El compromiso antropológico con las cuestiones sociales y políticas ha sido complejo y paradójico a lo largo de los años. A través de sus diversas formas -antropología del desarrollo, propugnación o investigación aplicada entre minorías o grupos marginados, intervenciones públicas y divulgación- la antropología comprometida debe relacionarse con lo que Giddens (1976) describió como la doble hermenéutica de las ciencias sociales: el erudito está obligado a interpretar la sociedad y sus propias interpretaciones simultáneamente, ya que los puntos de vista y análisis presentados por los antropólogos son formados por la sociedad y contribuyen a darle forma. El hecho de que muchos antropólogos comprometidos trabajen en sociedades donde no viven habitualmente no altera esta situación. Por el contrario, podría argumentarse que el problema se ve exacerbado por el hecho de que el antropólogo es un extranjero que se toma libertades cuestionables al emitir juicios normativos sobre la sociedad en la que investiga como visitante extranjero.

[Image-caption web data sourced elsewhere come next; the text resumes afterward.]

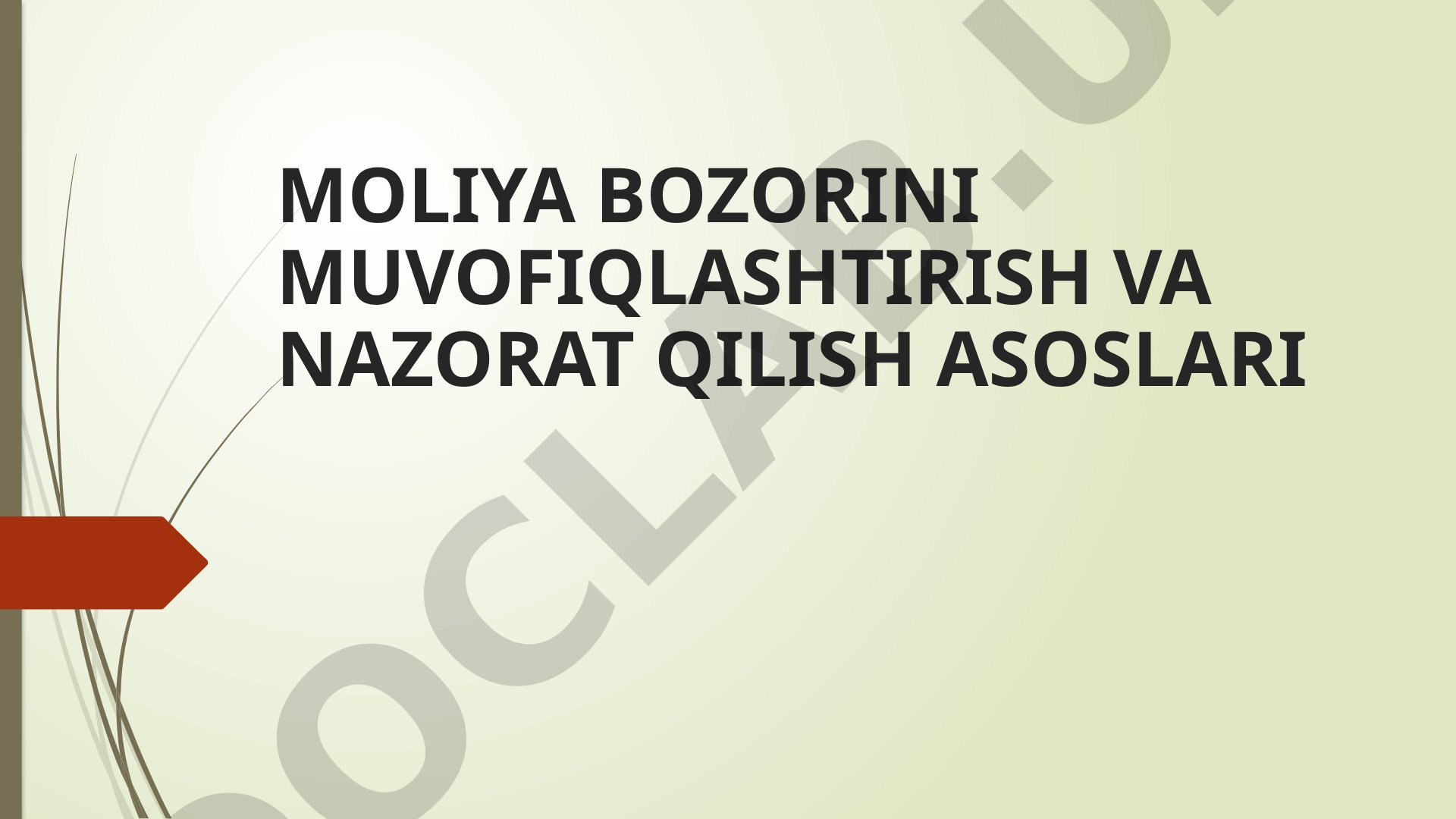 Moliya bozorini muvofiqlashtirish va nazorat qilish asoslari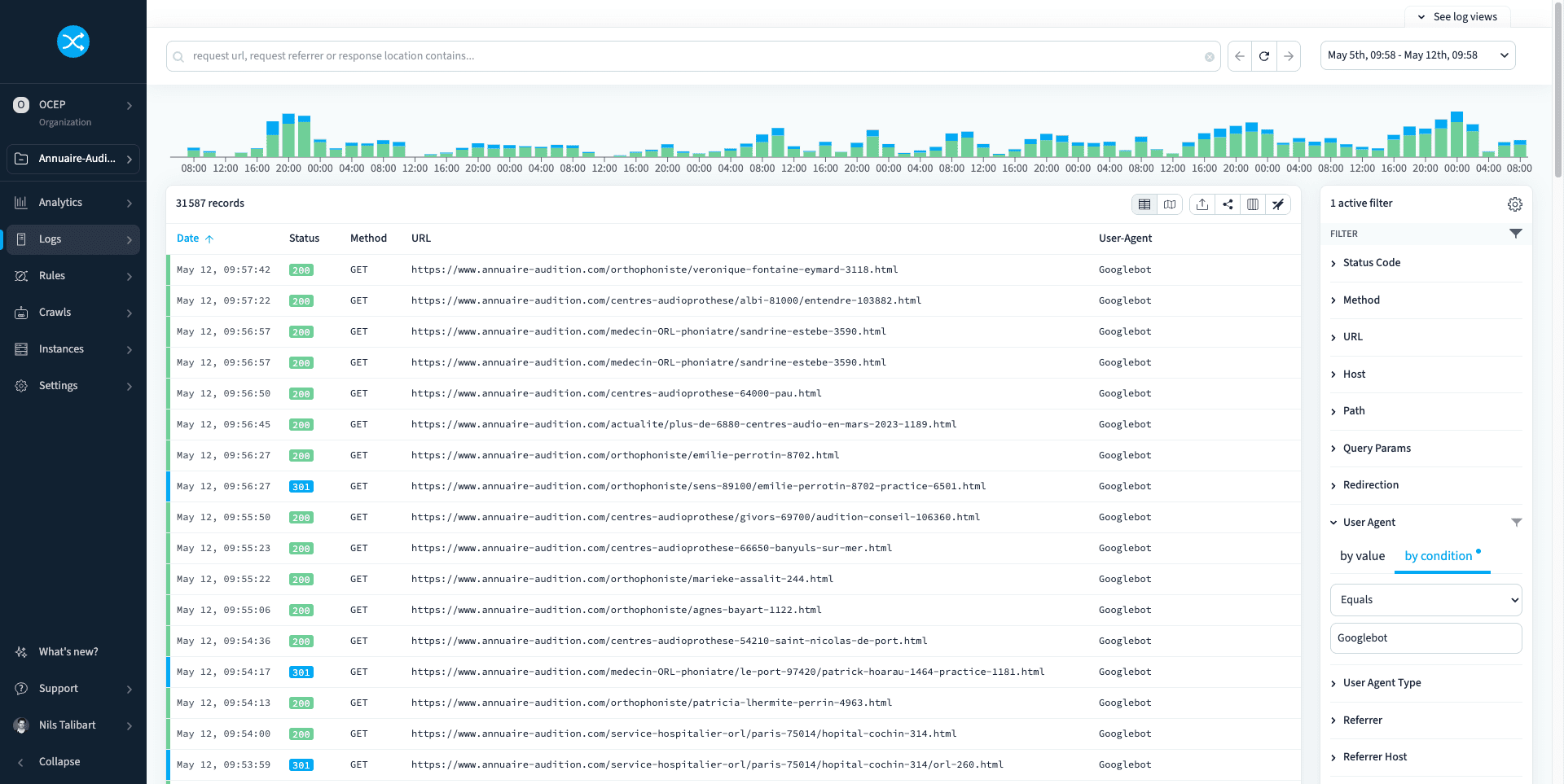 Filtering Google user-agent in redirection.io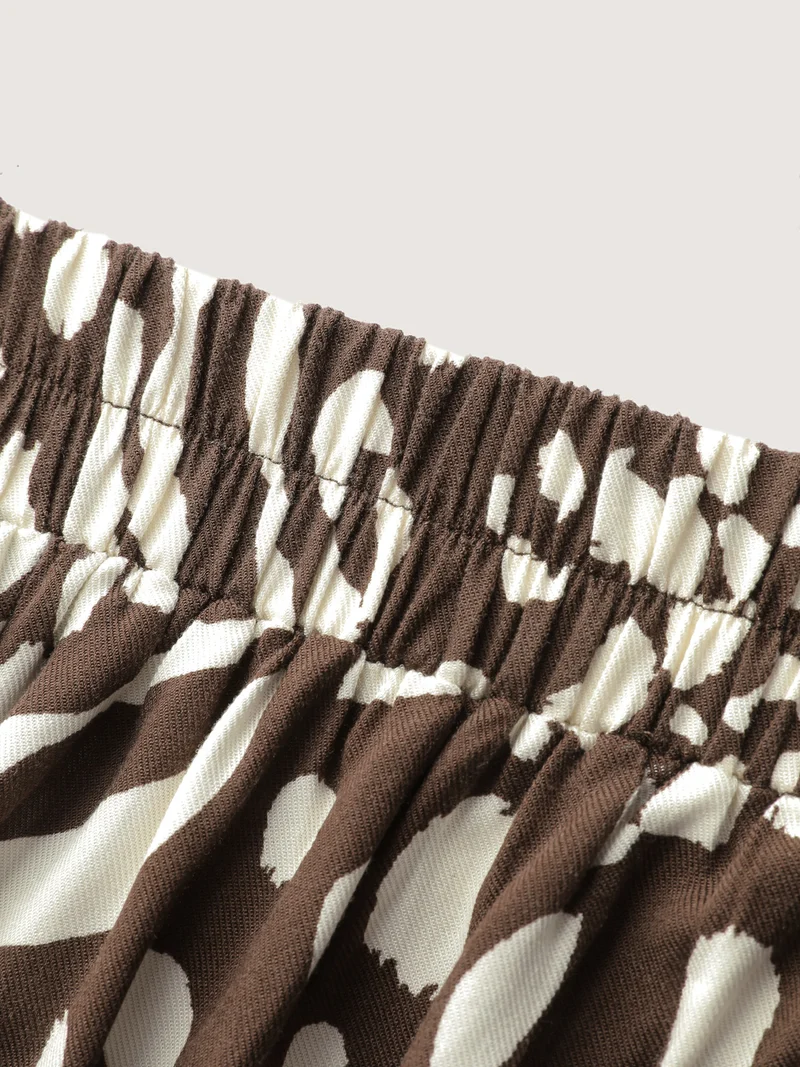 Leopard Print Elastic Waist Wide Leg Pants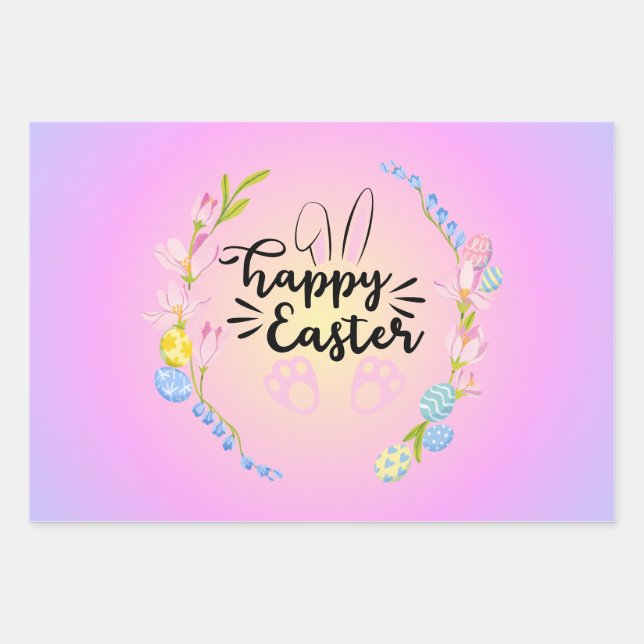 Happy Easter Pretty Pastel Wrapping Paper Sheet (Front)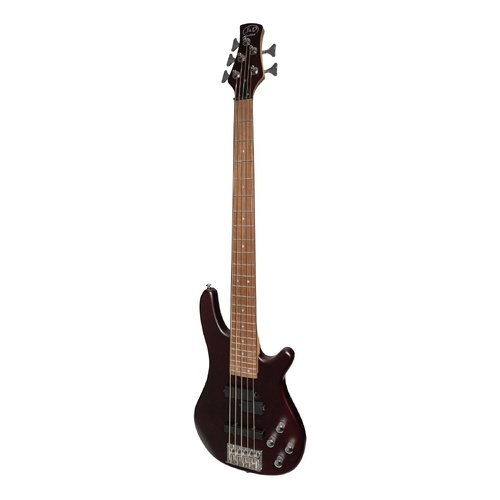 J&D Luthiers JD-150A5 Active 5-String T-Style Electric Bass Guitar Satin Brown Stain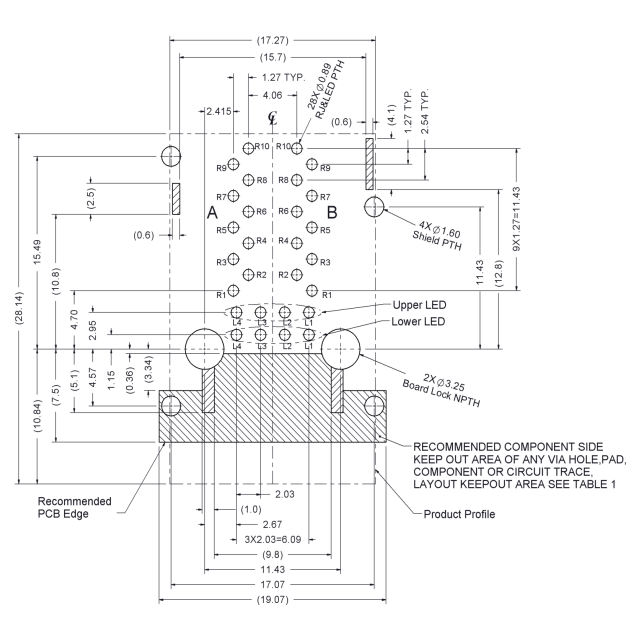 S32-ZZ-0093 2X1 RJ45 Datasheet - Recommended PCB Layout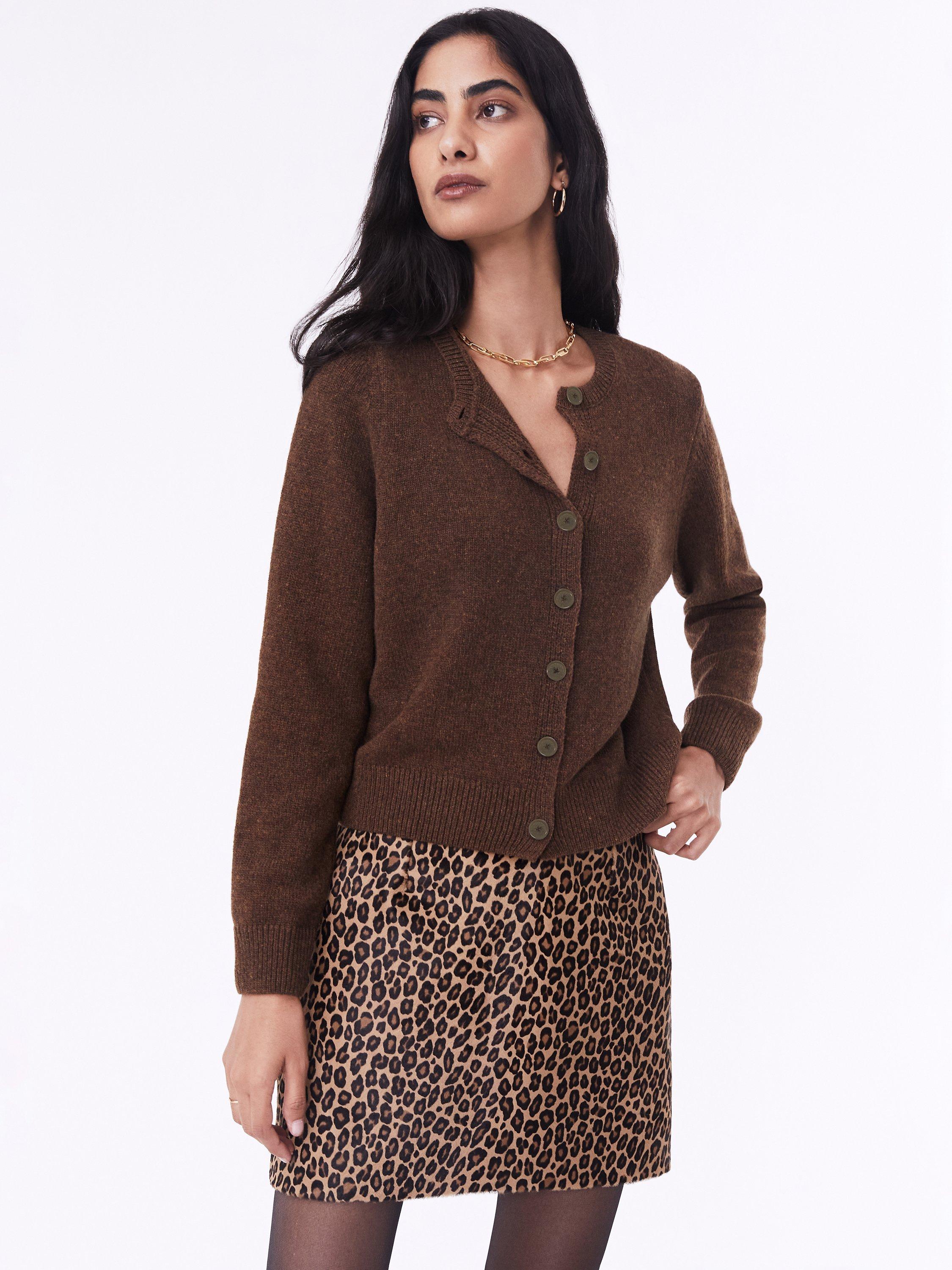 Baukjen Marie Wool Blend Cardigan, Brown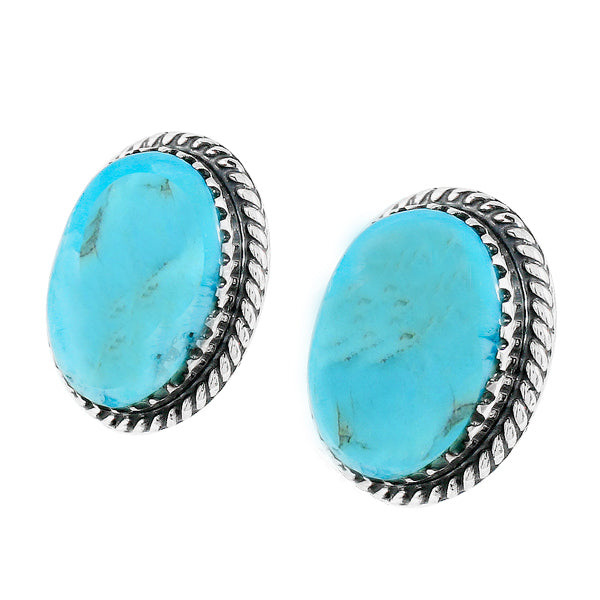 Turquoise Earrings Sterling Silver E1301-C75
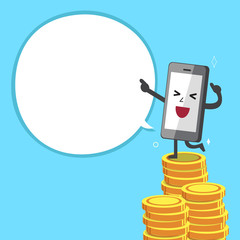 Smartphone character and money stacks with white speech bubble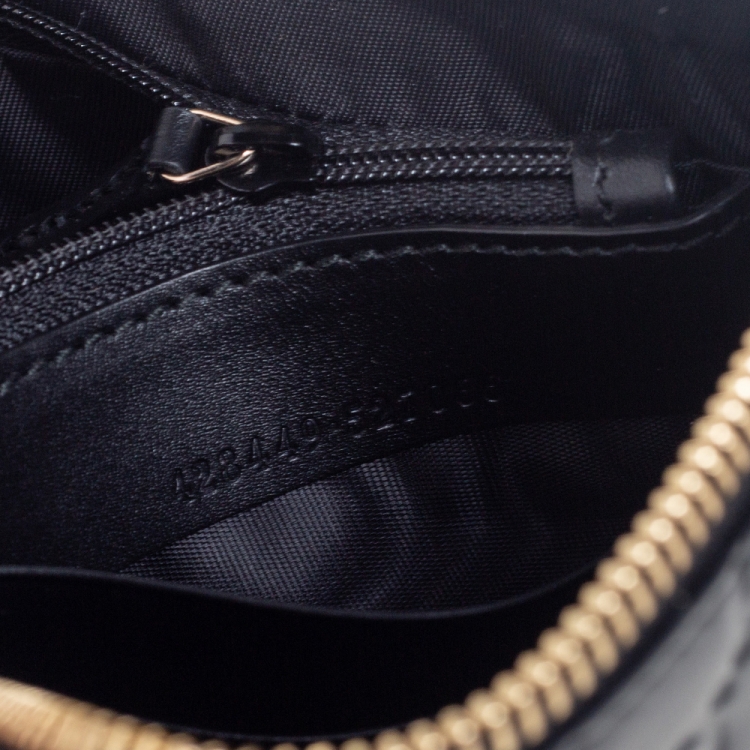 مملوكة مسبقًا Gucci Black Guccissima Leather Wristlet Zip Chain Clutch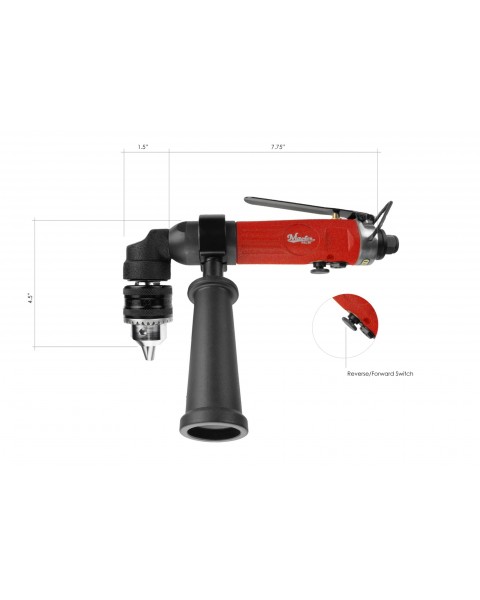 3/8" Right Angle Air Drill Reversible, 1700 Rpm, Keyed Chuck - 1700 rpm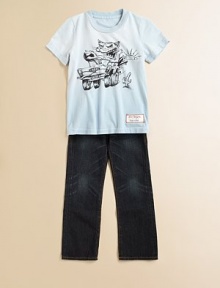 A deep, dark wash with occasional fading and whiskering, plus the favorite bootcut leg.Waistband with button close, belt loops and inside adjustable tabsZip flyFront scoop pockets and coin pockets with rivetsBack waist pony hair logo patchBack patch pockets with horseshoe stitchingBootcut leg100% cottonMachine washImported A deep, dark wash with occasional fading and whiskering, plus the favorite bootcut leg.Waistband with button close, belt loops and inside adjustable tabsZip flyFront scoop pockets and coin pockets with rivetsBack waist pony hair logo patchBack patch pockets with horseshoe stitchingBootcut leg100% cottonMachine washImported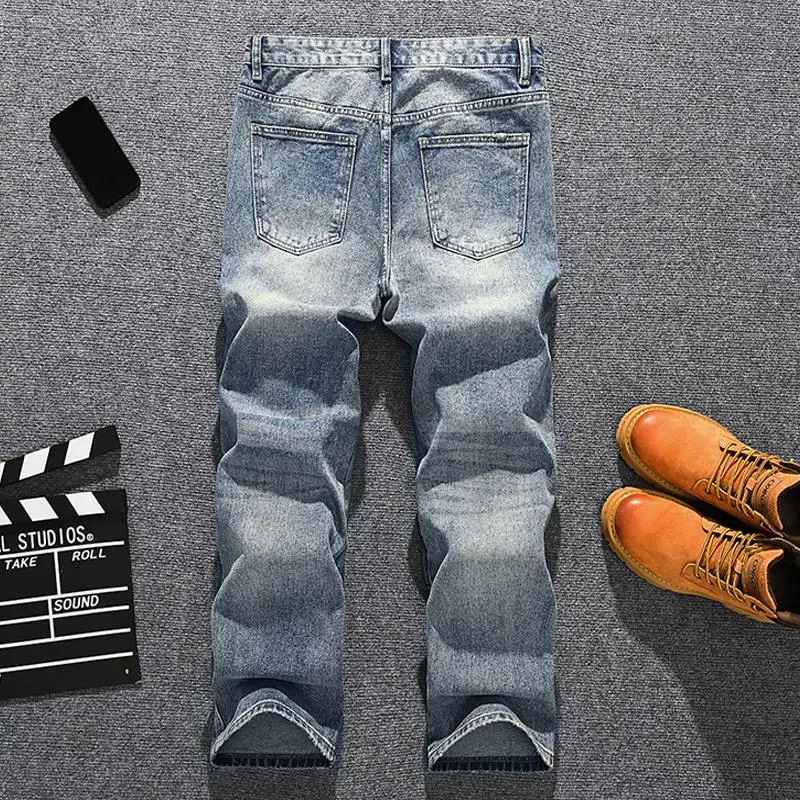 春夏新作 韓国風 トレンドブランド レトロ ルーズ ストレート メンズ ストリート系 個性派 ニッチ ワイドパンツ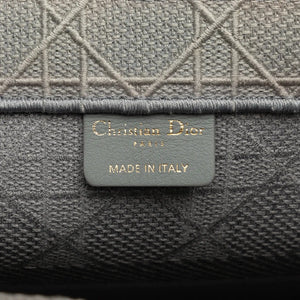 Dior Book Tote Medium Grey Embroided Cannage Canvas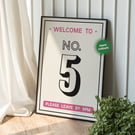 Personalised House Number Print - New Home Gift Quote Print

Desde sus comienzos en el siglo XIX, la antropología fue durante muchos años una ciencia comprometida en el sentido de que sus practicantes buscaban iluminar y mejorar a sus audiencias, principalmente las clases medias occidentales. La antropología de principios del siglo XX continuó por el camino trazado por sus predecesores, e importantes antropólogos como Franz Boas fueron intelectuales públicos comprometidos que se pronunciaron contra el racismo o el colonialismo.

Después de la Segunda Guerra Mundial, la antropología creció como disciplina y se volvió más especializada, de alguna manera más centrada en las actividades estrictamente académicas, y su reputación pública disminuyó. Ya estaba firmemente establecida la distinción entre investigación pura o básica e investigación aplicada, y la primera se consideraba superior a la segunda por consentimiento general. Como lo señaló Jeremy MacClancy (MacClancy y McDonaugh 1996:10), el número de antropólogos profesionales fue tan limitado en los años de entreguerras que los escritores de monografías se vieron forzados a mantener en mente a un público general educado mientras escribían. A medida que la disciplina crecía después de la Segunda Guerra Mundial, los lectores intradisciplinarios adquirieron una mayor importancia, con el consiguiente sufrimiento de la presencia pública.

Muchos antropólogos que trabajan fuera de las instituciones académicas se han comprometido a promover el cambio social, ya sea que trabajen en las ONG, el sistema de las Naciones Unidas o la burocracia. En el ámbito académico, la actitud general hacia el compromiso es ambivalente y a menudo reacia.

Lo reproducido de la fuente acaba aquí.